@xmruibi 2015-11-06T06:26:36.000000Z 字数 18680 阅读 786

Projects Script

Interview_Preparation

0 My Introduction:

I just had graduated in this May from University of Pittsburgh with Masters degree of Information Science. I also got the Bachelor degree of Computer Science in two years ago. So in last five year, I’ve accumulate much of computer science knowledge as well as a strong interest in coding, especially on Java programming. I think I’m a person desired to know more wider knowledge and learn more some cutting-edge techniques. i also like to share what I have learn from my project. If you’re interested, you can visit my personal blog.

In my earlier experience (undergraduate and first year of graduate), they were focus on web application development by using Javascript for frontend and Java for backend with some frameworks, like Spring, Hibernate， and SQL database like MySQL. I also have some experience on pretty advanced techniques like cloud computing and machine learning. So I joined our school’s research team on a innovative search engine development and took the course on cloud computing. I’ve practiced pretty much cloud techniques like Hadoop, AWS and distributed database. I really like to do some practical projects just for self interest and pursuing those new techniques. Most of my projects are uploaded to the Github. If you’re interested in, you can check the link in the last line on my resume.

0 Why machine learning?

In the very beginning I just heard about this word from media and known it as a tool to predict something with big data. And then, When I chose to take the Data Mining course during the second graduate semester, I started my interest on machine learning. Then, in last summer, a guy who wanna to apply PhD on big data field invited me to join his TREC conference project. That was my first project combine both machine learning and information retrieval. After that, I joined a research project about the collaborative search engine last semester in our school. Where I made significant progress on learning information retrieval knowledge. And recently, I did the stock predicting project.

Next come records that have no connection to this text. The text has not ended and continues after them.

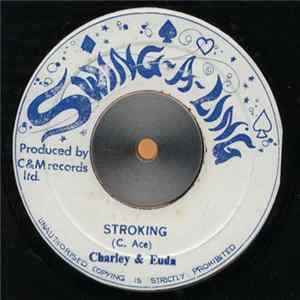 Charley & Euda / Charley Ace - Stroking / Dub-302 FLAC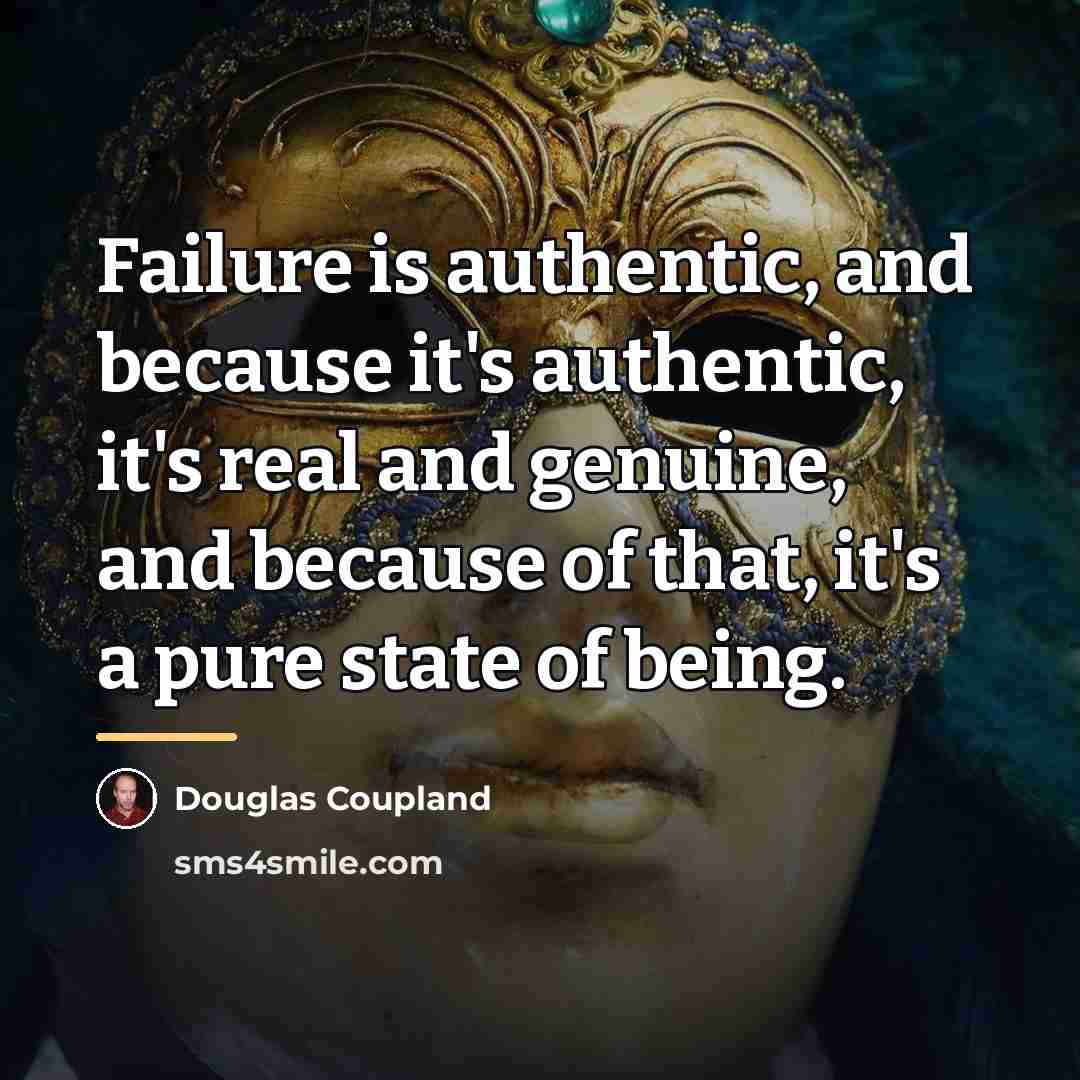 “Failure is authentic, and because it's authentic, it's real and…” quote by Douglas Coupland
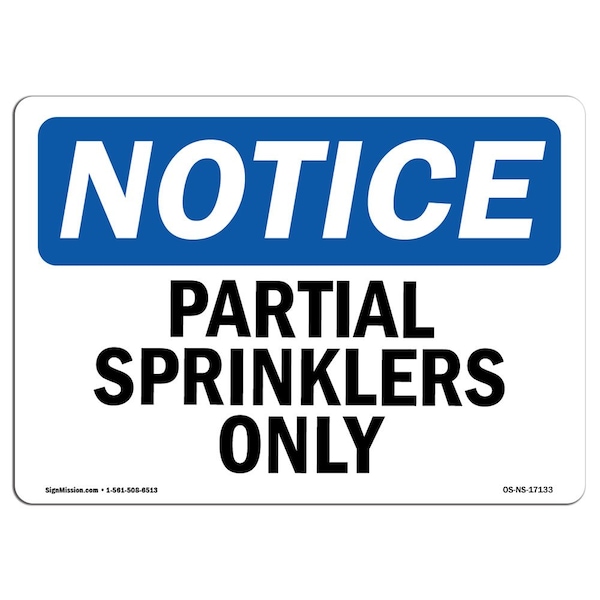 Safety Sign, OSHA Notice, 3.5" Height, Partial Sprinklers Only Sign, Landscape, 10PK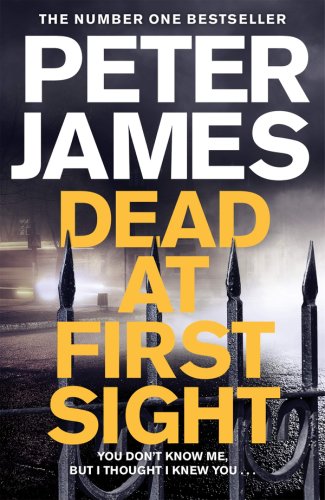 Dead at first sight | peter james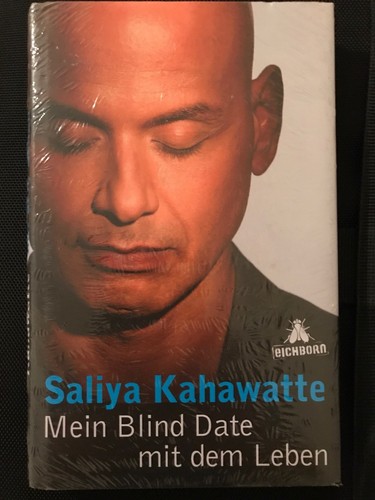 Mein Blind Date Mit Dem Leben (My Blind Date With Life) Saliya Kahawatte - Bild 1 von 2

I found, nowadays, our information technology always combined with the machine learning models from the basic to the complicated.

0 Why software engineering:

First of all, I think I really like to learn technical things and anything of engineering world. Not only the software engineering, but also I like to make some craft, like model of cars or battle ships and to do some DIY on mechanical stuff. I think all of those engineering work can make you fill of the sense of achievement.
I remember when I was 8 years old. I got my first computer. Then I started my interest in this area. At first I like to do some hardware DIY, like upgrade memory or graphic card to build my customized computer. Then after I chose computer science as my undergraduate major, I had developed lots of web applications at first….

0 Why backend?

Actually, at the first, I used to like the front end things. Because it looks more interesting and more visible. You can watch your work and show your work to everybody who don’t really know the IT knowledge. As you see, my earlier experience are focus on this area for a while. But when I did more on frontend things, I realized the backend is more important. It likes the heart of software. Especially in this big data era, I found we need to deal with many complex backend architecture and services and also smarter algorithms to load such big data. During my graduate study, I’ve tried some information retrieval things and also some cloud computing techniques. After this experience, I think backend things requires more technical knowledge you have. Not only the programming, but you have to know a bunch of thing about computer science. It’s quite a challenge but you can learn a lot. That is what I want in the future.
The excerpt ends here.